Il risultato fu, però, straordinario: l'album si piazzò al primo posto delle classifiche del Regno Unito e in larga parte del resto d'Europa, dando il via alla sfavillante carriera da solista di Phil.
Lo scopo massimo dell'artista, per questo album, era proprio quello di mettere al centro i suoi sentimenti e le sue sensazioni, rispetto alle melodie vere e proprie, dando più spazio ai testi piuttosto che agli strumenti: basti pensare che, nonostante sia un batterista largamente affermato, egli abbia fatto uso di programmi di percussione per le sue canzoni, invece di suonarle di suo pugno.
Persino la confezione è strutturata per dare un senso di intimità, quasi di psicanalisi, allo spettatore: la copertina rappresenta un primissimo piano di Phil Collins stesso, quasi a voler "entrare nella sua testa", e il retro (o a volte la seconda di copertina) rappresenta proprio la sua nuca.
Inoltre, tutti i testi della confezione sono stati scritti a mano, da Collins stesso, e quando nei vari crediti dovrebbe apparire il suo nome c'è invece semplicemente scritto "me".
Un modo affascinante e efficace per far trasparire il lato intimista dell'album sin da prima che l'ascoltatore possa apprezzarne i brani.


Se Double Fantasy era, dunque, intimista in maniera ridondante, Face Value riesce ad esserlo anche oltre ma, al contempo, permette all'ascoltatore di ambientarsi meglio all'interno della mente e del cuore dell'artista.
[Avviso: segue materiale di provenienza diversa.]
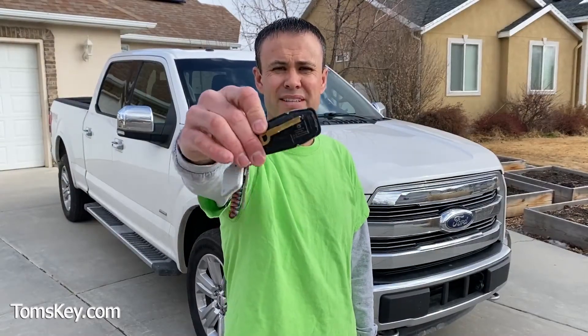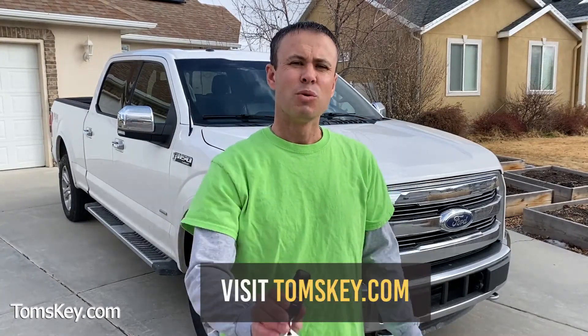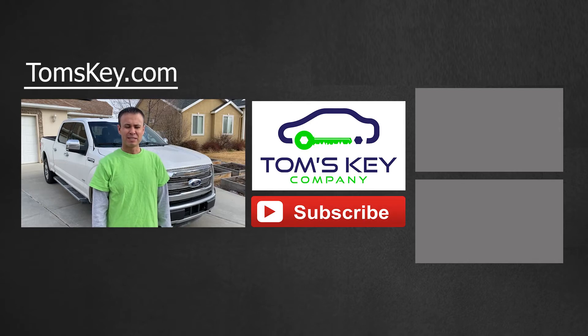Now you know about the hidden emergency key blade in your fob for your Ford push button start vehicle. At Tom's Key Company, we look forward to helping you with all your car key needs and aim to provide great customer service.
Il dualismo, peraltro, è in un certo senso particolarmente azzeccato: al di là delle premesse opposte da cui partono i due album, va fatto notare che l'ultimo brano dell'opera prima di Phil Collins è una cover di un brano dei Beatles, e alla conclusione di esso, si può sentire brevemente l'artista intonare "Over The Rainbow", in riferimento alla recentissima scomparsa di John Lennon.
Se la fine del 1980 ci ha privato di un grande solista, dunque, l'inizio del 1981 ce ne dona un altro, in un album che, più per caso che per volontà, dà l'idea di un passaggio di consegne; lungi da me paragonare o collegare i due artisti, ma non si può neppure negare l'importanza che Phil Collins avrà nel panorama musicale nei decenni a seguire.